YOUR OBJECTIVE: Give back exactly the lines from the one that holds "een badkamer met" through the final line of the data; omit the pictures and add nothing.

[Items listed in a dataset]
──────────────────────────────

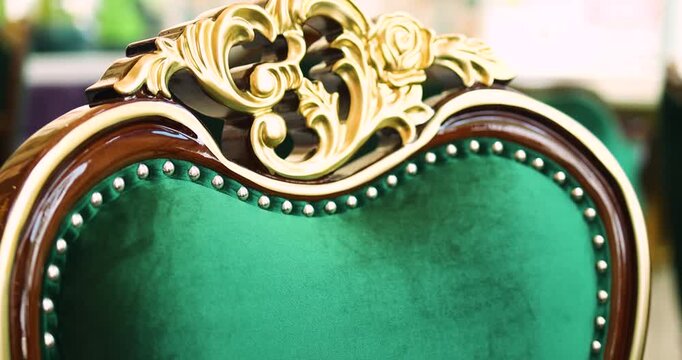 Classic luxury chair with green velvet upholstery and golden carved details, close-up. Elegant vintage interior concept ideal for premium lifestyle and design visuals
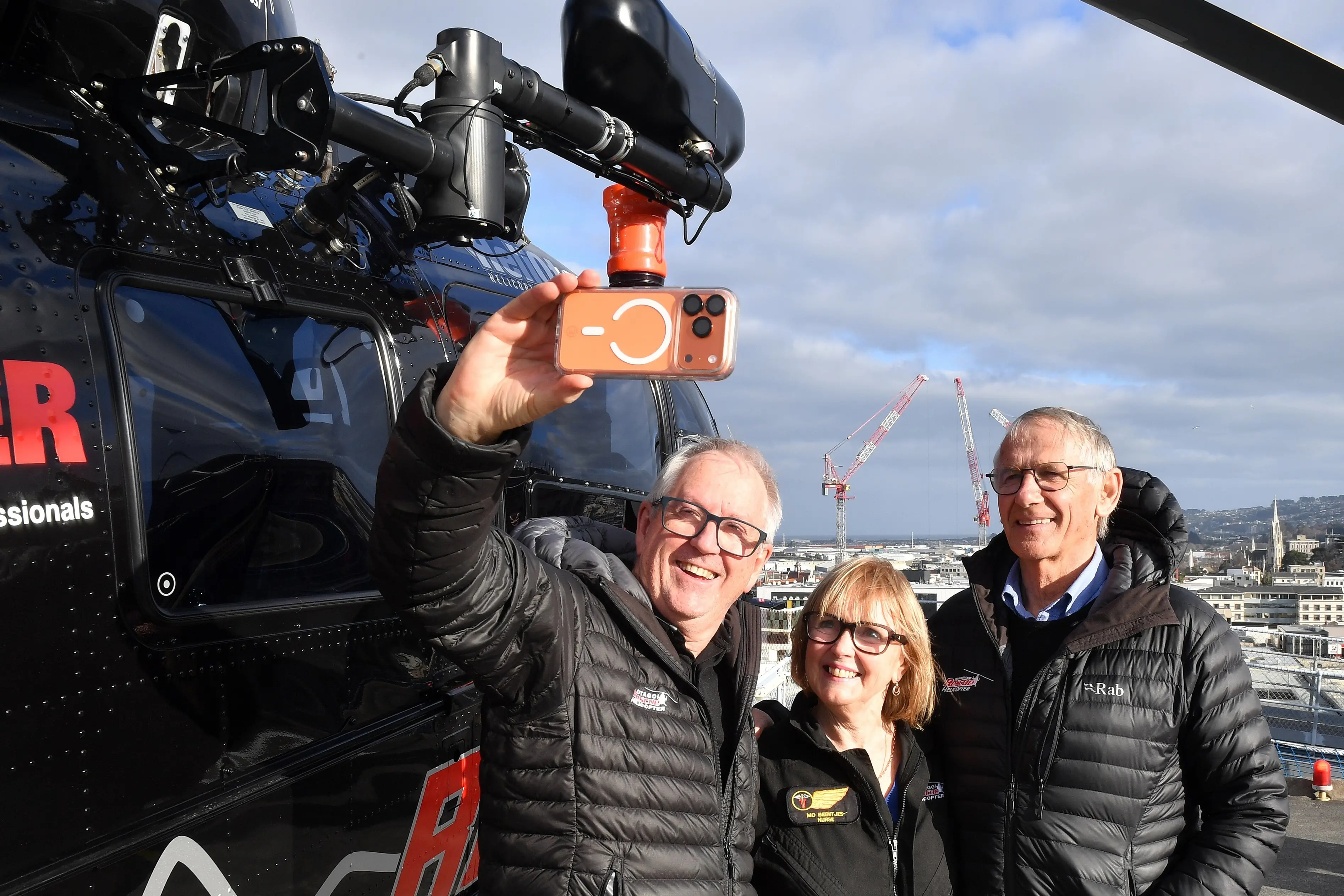 Flight nurse Mo Beentjes stands on the helipad at Dunedin Hospital for the last time with Doug Flett (left) and Graeme Gale, both of Helicopters Otago. Photo: Stephen Jaquiery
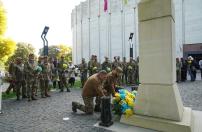 На світлині двоє українських військовослужбовців у тактичних куртках приклонили коліно, покладаючи великий жовто-блакитний букет квітів до підніжжя високого світлого монумента на тлі шеренги інших побратимів у камуфляжі.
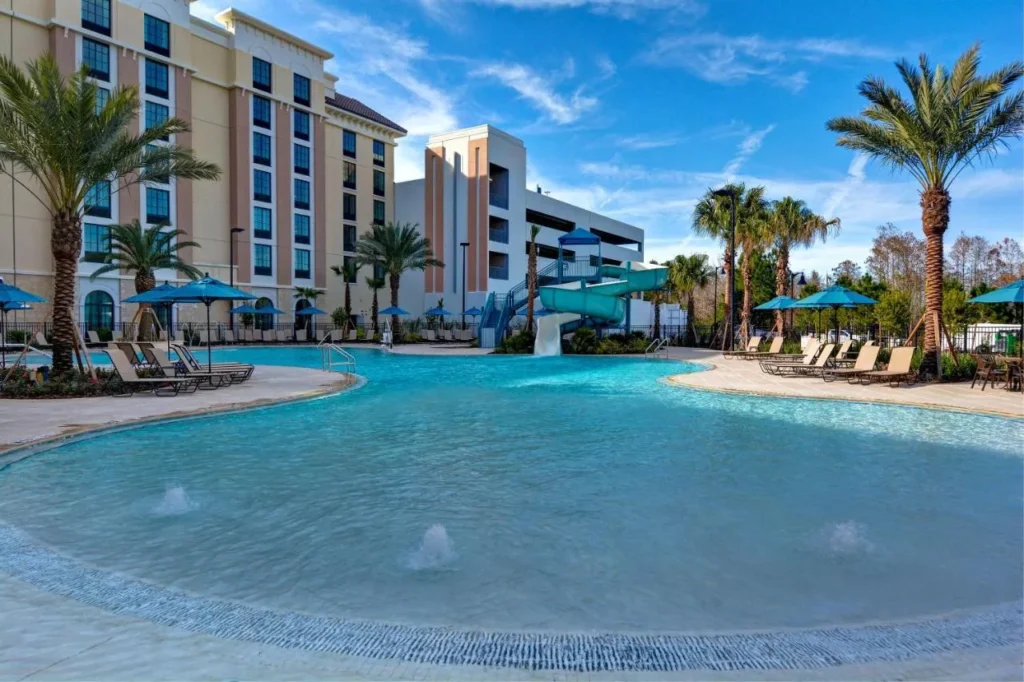 Zero-entry pool with spiral waterslide at Home2 Suites by Hilton Orlando Flamingo Crossings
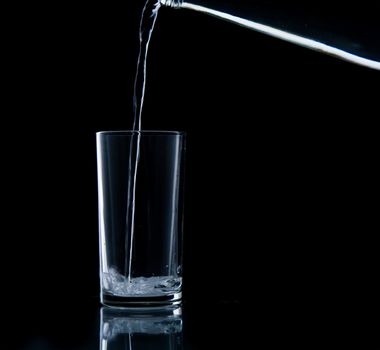 Pouring water on glass on over black background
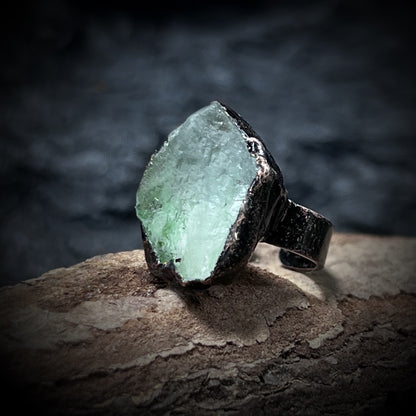 green fluorite raw crystal ring close-up

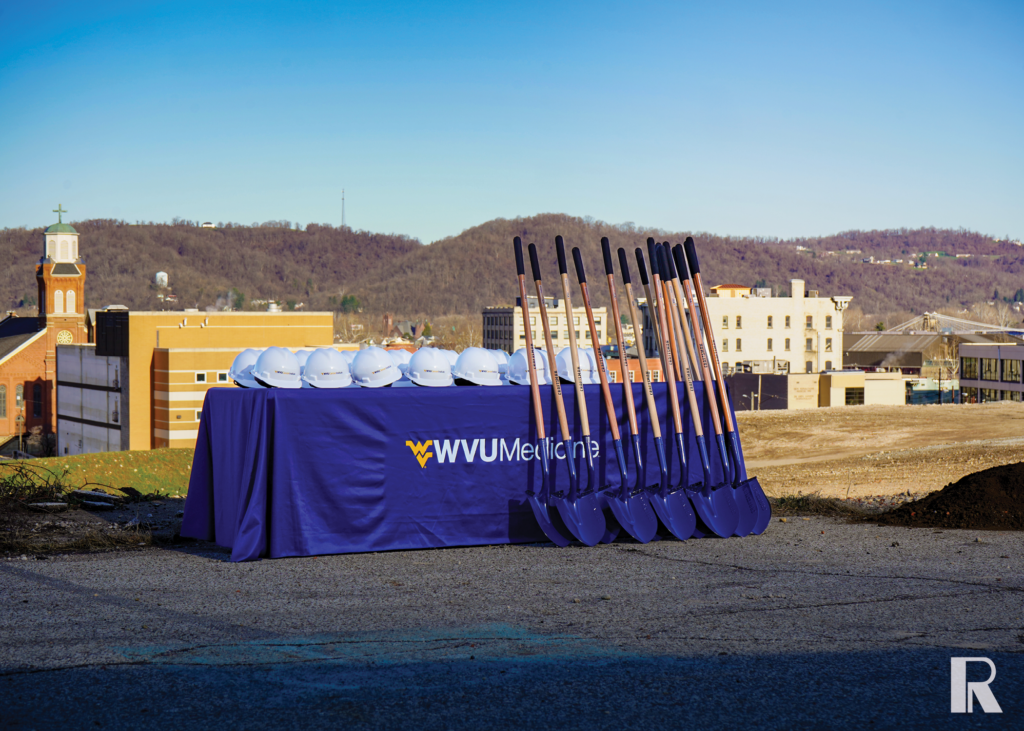 A table draped in a blue WVU Medicine cloth holds several white hard hats and a row of ceremonial shovels at a construction site.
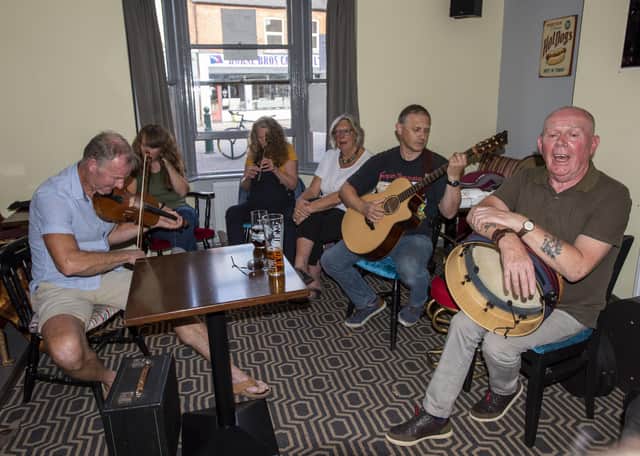 Musicians having a sing around in the bar on Sunday afternoon. Photo: Holly Parkinson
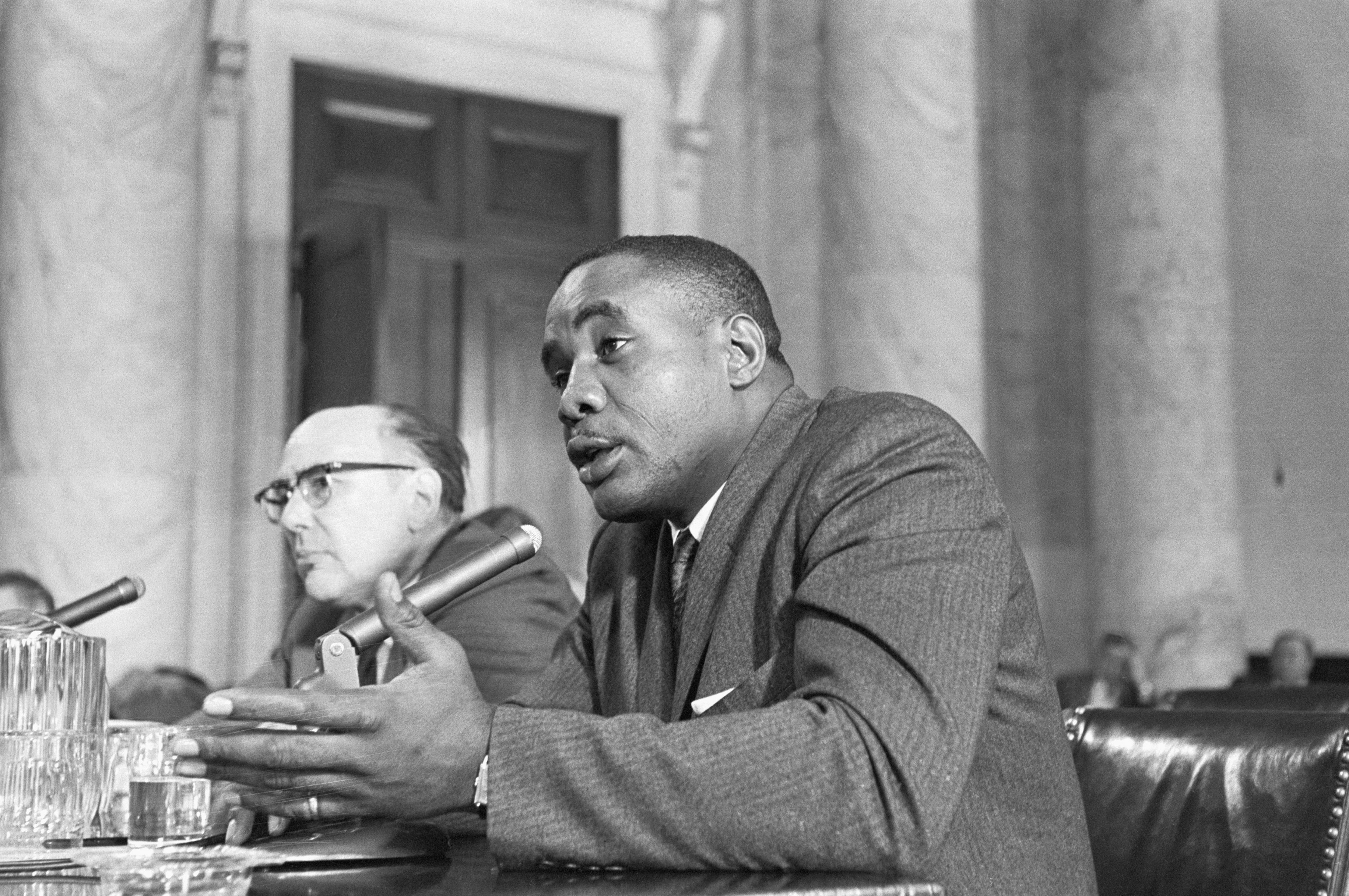 (Original Caption) 12/13/1960-Washington, D.C.- Top-ranking heavyweight contender Sonny Liston is shown today as he told Senate boxing investigators that a St. Louis police officer once told him "If I wanted to stay alive to leave St. Louis or they would find me in an alley." Liston's attorney, Jacob Kossman, is shown seated at left.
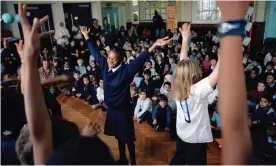  ?? Photograph: Gideon Mendel/Corbis/Getty ?? Pupils at Millfields community school in London perform an African dance during a school assembly as part of Black History Month.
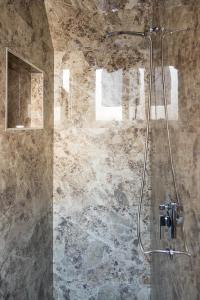 een badkamer met een douche en een stenen muur bij The Tropical House Tirana in Tirana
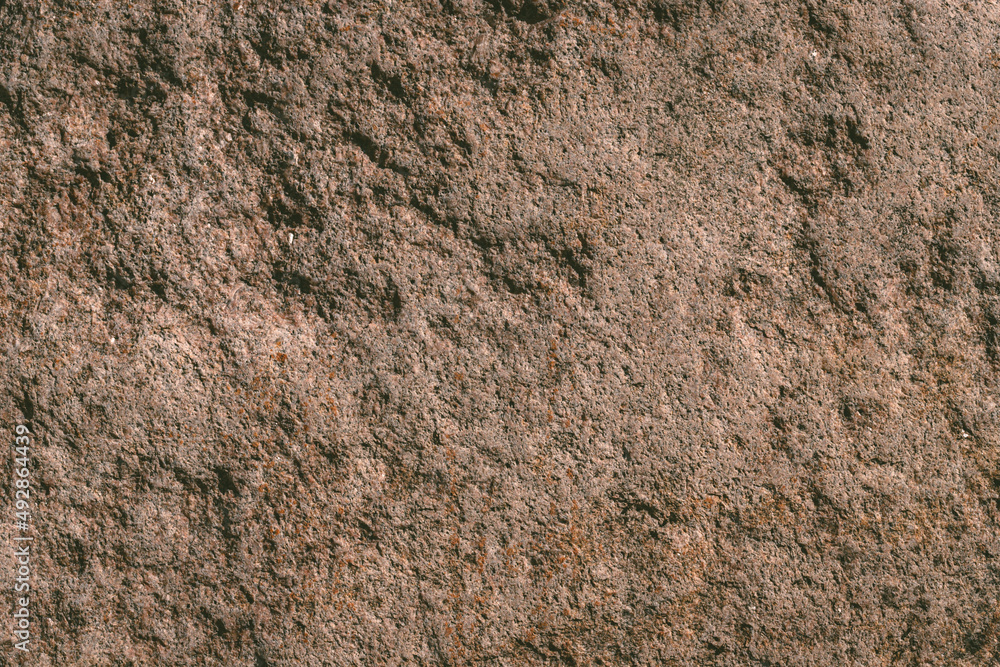 texture of rough bright brown granite boulder rock texture of rough bright brown granite boulder rock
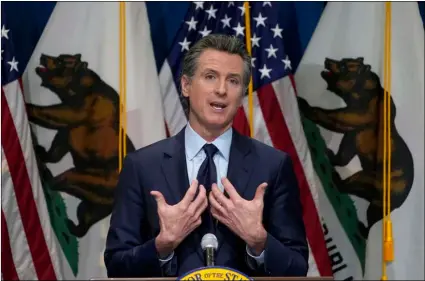  ?? AP Photo/Rich Pedroncell­i, Pool ?? In this Jan. 8 file photo, California Gov. Gavin Newsom outlines his 2021-2022 state budget proposal during a news conference in Sacramento, Calif.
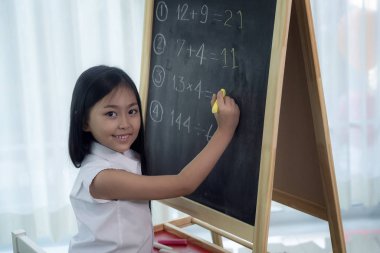 Asyalı kız arkasını dönmeden önce tahtaya yazı yazıp ödevlerini yapıyor.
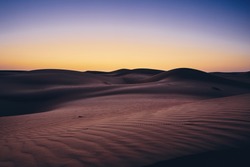 Sand dunes against sky before sunrise. Desert Wahiba Sands in Oman.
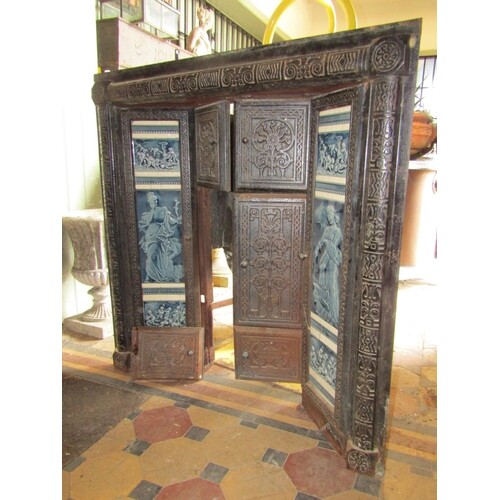 An aesthetic period cast iron fire surround with blue and wh...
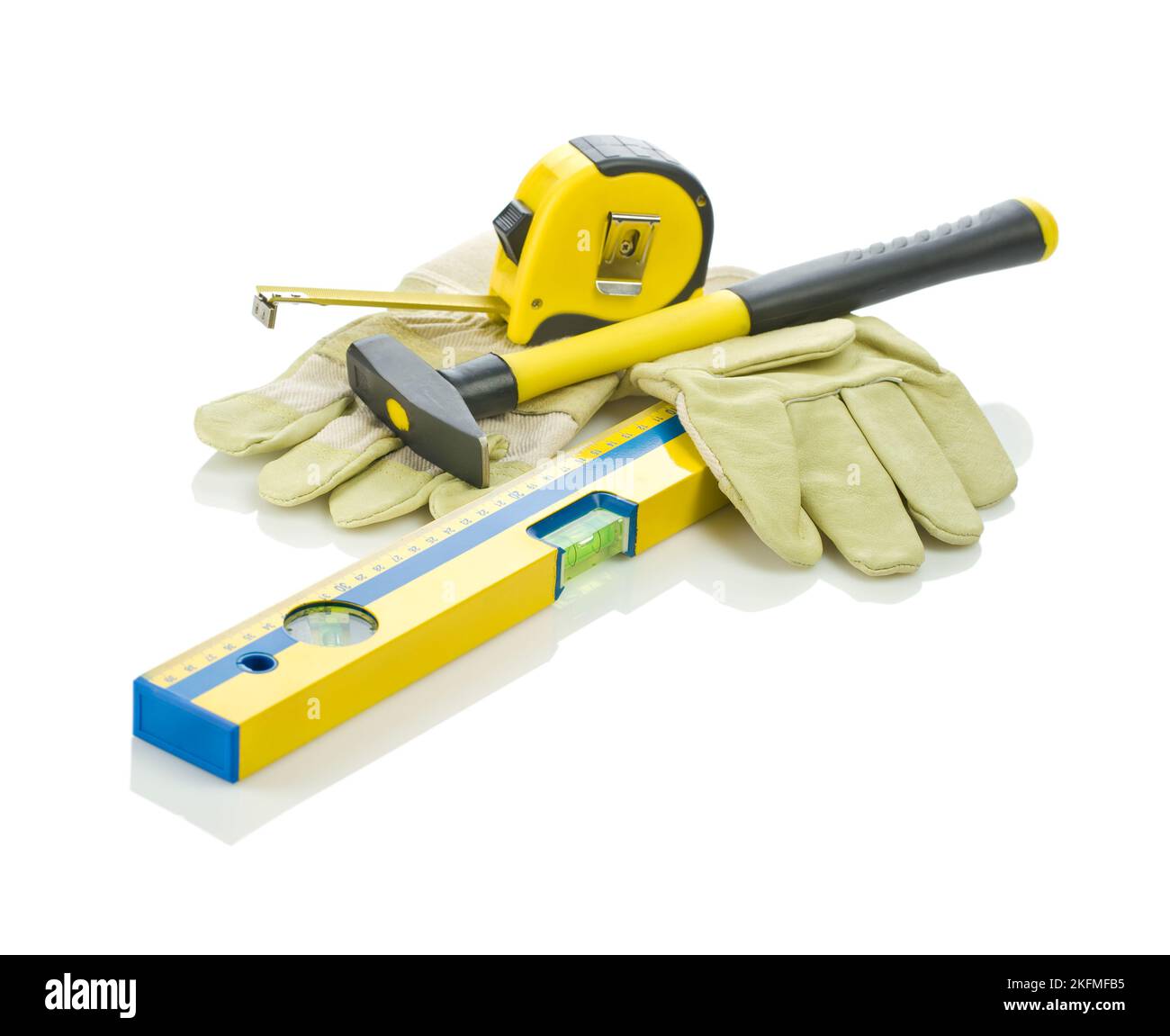 tapeline, level, gloves and hammer Stock Photo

──────────────────────────────

THE ANSWER:
 een badkamer met een douche en een stenen muur bij The Tropical House Tirana in Tirana
 texture of rough bright brown granite boulder rock texture of rough bright brown granite boulder rock
  ?? AP Photo/Rich Pedroncell­i, Pool ?? In this Jan. 8 file photo, California Gov. Gavin Newsom outlines his 2021-2022 state budget proposal during a news conference in Sacramento, Calif.
 Asyalı kız arkasını dönmeden önce tahtaya yazı yazıp ödevlerini yapıyor.
 Sand dunes against sky before sunrise. Desert Wahiba Sands in Oman.
 An aesthetic period cast iron fire surround with blue and wh...
 tapeline, level, gloves and hammer Stock Photo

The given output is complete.